The updates would apply to ADUs and other projects allowed under Senate Bill 9, a law passed in 2021 that allows property owners to split their lots and build up to four units on sites previously zoned for single-family homes.

Long Beach Planning Commissioners held a study session Thursday to discuss potential changes to the ordinance, which could be adopted into the city’s municipal code as soon as this summer.

What’s currently allowed

The construction of ADUs are already allowed in areas that are zoned for residential uses in the city and it generally consists of homeowners converting garages into living quarters or building a new attached or detached structure on their property.

Last year, the city released a handful of templates for pre-approved designs of ADUs that property owners can buy to save time in the city’s approval process. The city’s current law allows for ADUs of up to 800-square-feet and state law allows for a “Jr. ADU,” which can share bathroom facilities with the primary home, to also be built on a property.

City data shows that thousands of ADU applications have been received since 2017, when the City Council adopted the current ordinance.

However, there are several barriers that have hindered the feasibility of SB-9 projects. For example, the law requires a lot to be split in some cases and owners are required to have used the property as a primary residence for at least three years before the lot can be split. There are also limits on how much of an existing structure can be demolished for new construction.

A SB-9 project would allow up to four units on a parcel of land previously zoned for a single-family home — but the law does not allow for these projects in several parts of the city including historic districts, 100-year flood zones and parcels near an earthquake fault line.

What could change? 

While nothing is final, the process of updating the city’s laws is partially to align them with evolving state law but also to create design standards and more predictability and understanding for people who might want to take these projects on in the future.

New state laws allow for cities to allow ADUs to be sold separately and could speed up the approval process by requiring cities to have pre-approved plans and authorize applications within 30 days. Long Beach is looking at writing a concise local law that makes state rules more understandable and makes it easier for new units to be built.

That could include expanding the allowable areas where SB-9 projects could be built.

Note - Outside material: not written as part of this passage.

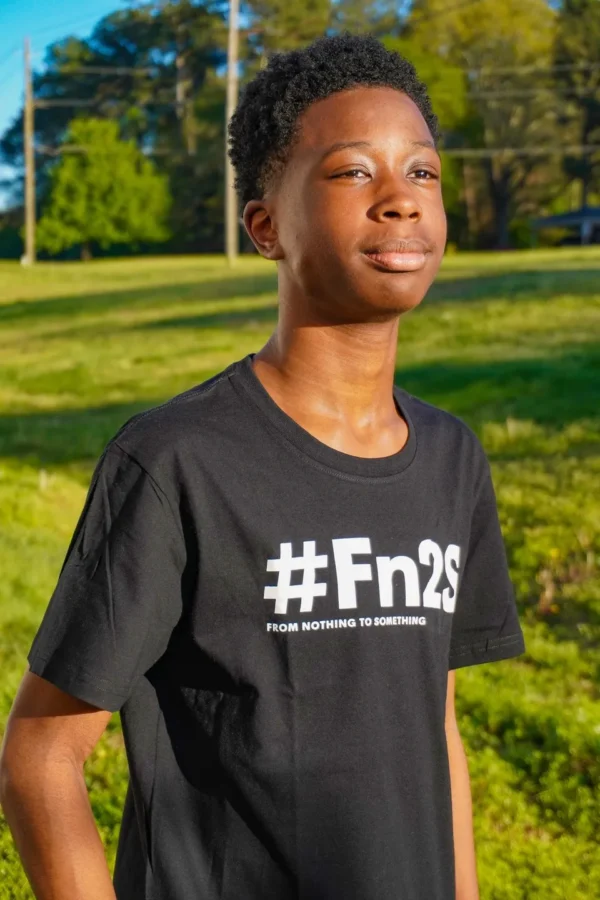 A young man wearing a black shirt standing in the grass.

ADUs are allowed in historic districts but SB-9 projects are currently only allowed in neighborhoods with a “R-1” zoning designation, which is intended for single-family use.

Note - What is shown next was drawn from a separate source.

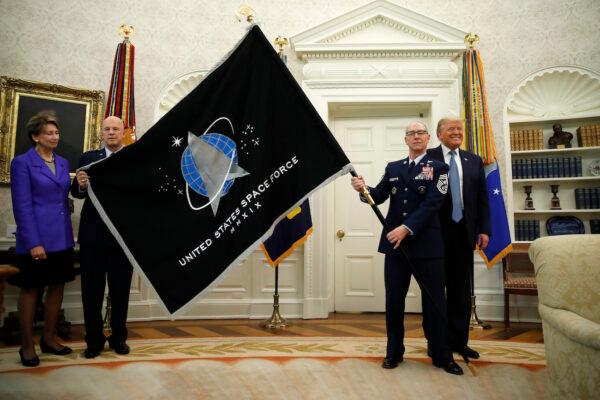 President Donald Trump stands as chief of space operations as U.S. Space Force Gen. John Raymond (2nd from left) and Chief Master Sgt. Roger Towberman (1st from right) hold the U.S. Space Force flag as it is presented in the Oval Office on May 15, 2020. Secretary of the Air Force Barbara Barrett stands to the far left. (Alex Brandon/AP Photo)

Christopher Koontz, director of the city’s Community Development department, told the Planning Commission last week that city staff believe “R-2” (two-family residential) lots could also be included in the update.

“We have a ton of properties that are zoned R-2 and we at the staff table think it should apply there too, but maybe we got that wrong,” Koontz said Thursday.

Commissioners also raised the possibility of including historic districts and areas in the coastal zone in addition to R-2 lots.

“One of the really great things about these areas, they had backyard houses when they were developed,” Commissioner Michael Clemson said of historic districts. “Opening them up for more of these types of units, it’s like getting these neighborhoods back to what they first looked like.”

Long Beach could also reduce parking requirements for units near public transit and offer incentives to homeowners whose projects include off-street parking, an issue that has been raised in parking-impacted neighborhoods where ADUs are being built.

The city will also discuss design standards: Whether a unit should be able to face an alley, if the new construction should match the style of the existing house and requirements for the inclusion of in-unit laundry as well as space for a deck or patio.

Before a new ordinance is sent to the Planning Commission and the City Council for final approval later this year, the Community Development Department expects to hold at least one more open house where the public can review the draft ordinances before either body votes on them.